Therefore, the purpose of this study was to report on the item development, face, content, and construct validity, and 2-week test-retest reliability of a survey to quantify perceptions of older adults (>50 years of age) on AVs and capture transportation habits and demographics. Item development is the first phase of developing a survey and includes selecting items from previous surveys, reviewing the literature for important constructs, and generating items to overcome current gaps found in the literature. An item pool must be evaluated, and items may be reduced by the research team or content experts to address redundant items, improve the flow of the survey, and reduce participant burden. Next, face validity can be established via focus groups that represent the intended audience of the survey. Face validity is an initial judgment of a survey’s potential to assess the concepts it purports to measure and how items are interpreted by the intended audience [
18]. Content validity is assessed to measure the extent to which a survey reflects a specific domain of content. Generally, face validity is more subjective than content validity and assesses whether the intended audience believes the items are suitable, sensible, appropriate, and relevant [
19]. Content validity is assessed by subject-matter experts (SME) and determines if the items are fully representative of what the survey aims to measure. Lastly, construct validity assesses the quality of the relationship between items (and factors) but does not assess the extent to which a measure captures what it is intended to measure (i.e., content validity). During scale development, feedback from individuals that will administer or complete the survey can improve the acceptability, relevance, and quality of the measures [
20].
After establishing face and content validity, the survey can then be deployed among a sample, and survey results can be psychometrically tested via factor analysis, Rasch modeling, Mokken scaling, or item response theory. During factor analysis, statistical techniques are used to reduce the dimensionality of the data and assess factor structure, item correlations, and if correlated items represent factors. Factor structure is essential in understanding, scoring, and interpreting survey responses [
12,
21]. Exploratory factor analysis (EFA) and confirmatory factor analysis (CFA) are traditionally used to determine the optimal number of factors to retain in a model and can be used to inform and establish survey psychometrics. EFA is a suitable approach during the early stages of development and can inform the dimensionality of the survey by identifying relationships between measured variables [
22]. A CFA can then be used to confirm the factor structure or theoretical model. While it is important to understand what a survey is measuring, it is crucial to have a reliable survey that will consistently produce similar results. Specifically, test-retest reliability is used to assess the consistency of test scores from one administration to the next. To assess test-retest reliability, the survey must be completed twice by the same respondents (i.e., single rater). Based on the purpose of the survey, tool, or assessment, further validation techniques can be deployed to reduce items to create a brief form of the survey or establish convergent, discriminant, or criterion validity.
2. Materials and Methods
This study was exempted by the University of Florida’s Institutional Review Board (IRB201903309). All participants in the focus groups and on Amazon Mechanical Turk (MTurk) provided their written consent or waived consent to participate in the study. Participants were compensated 5.00 USD for completing the survey.

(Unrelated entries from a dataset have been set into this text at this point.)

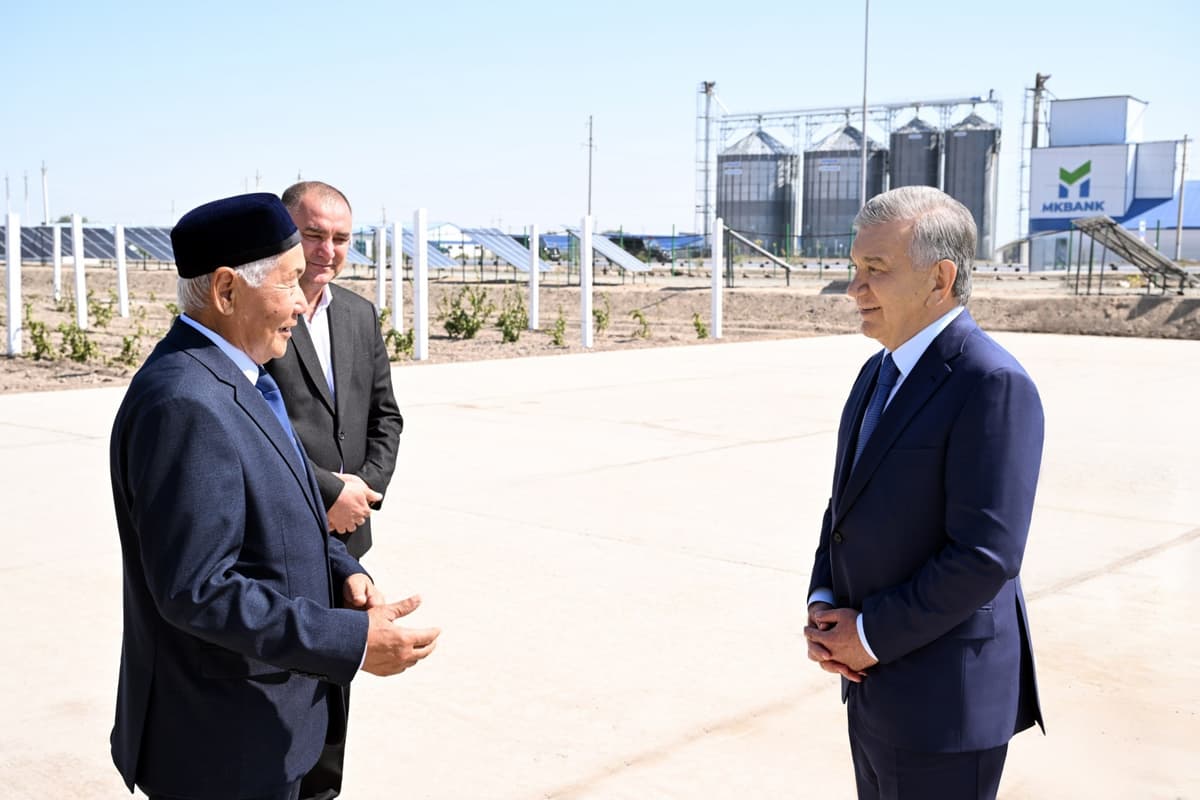 President Mirziyoyev visits greenhouse project in Kegeyli district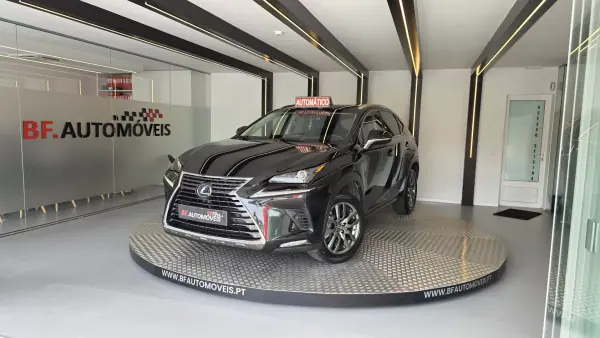 Lexus NX 300h 2018 - 31900 EUR, 78634 km - AUTO.MOTO.pt - 78634km - foto 17 de 65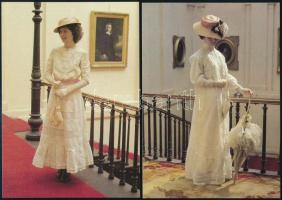 1991 Pesti nő a századfordulón, 8 db fotó a XX. század elejének divatjáról, kísérőfüzettel, kiadói p...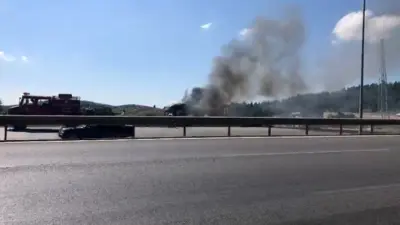 Bursa’nın Gemlik ilçesinde seyir halinde olan bir tır, Dürdane rampasında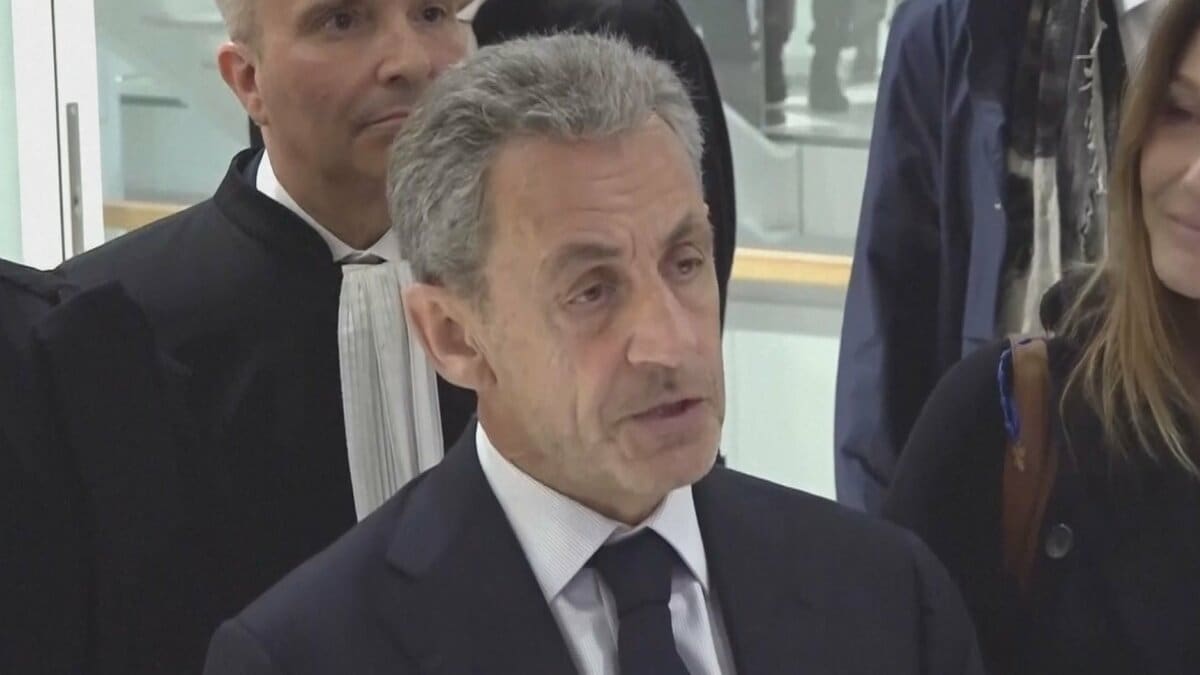 フランスのサルコジ元大統領に禁錮5年の有罪判決　大統領選でリビアに不正な資金提供持ちかけ　近く収監へ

Team members reviewed both grey and scientific literature pertaining to driving and transportation habits (e.g., Driving Habits Questionnaire; [
23]) and surveys examining adults’ perceptions (perceived usefulness, perceived ease of use, intention to use, safety, trust, affordability, control and driving, accessibility, and social influences) of AVs, including the Technology Acceptance Model, Unified Theory of Acceptance and Use of Technology, Car Technology Acceptance Model, Automated Vehicle User Perception Survey, and 4P Acceptance Model [
9,
10,
11,
12,
13]. The research team met to reduce the item pool with the goal of reducing redundancy, improving survey flow and clarity, and developing a survey that could be deployed before and after experiencing an autonomous ridesharing service. Feedback was solicited from stakeholders and the project sponsor prior to establishing face validity.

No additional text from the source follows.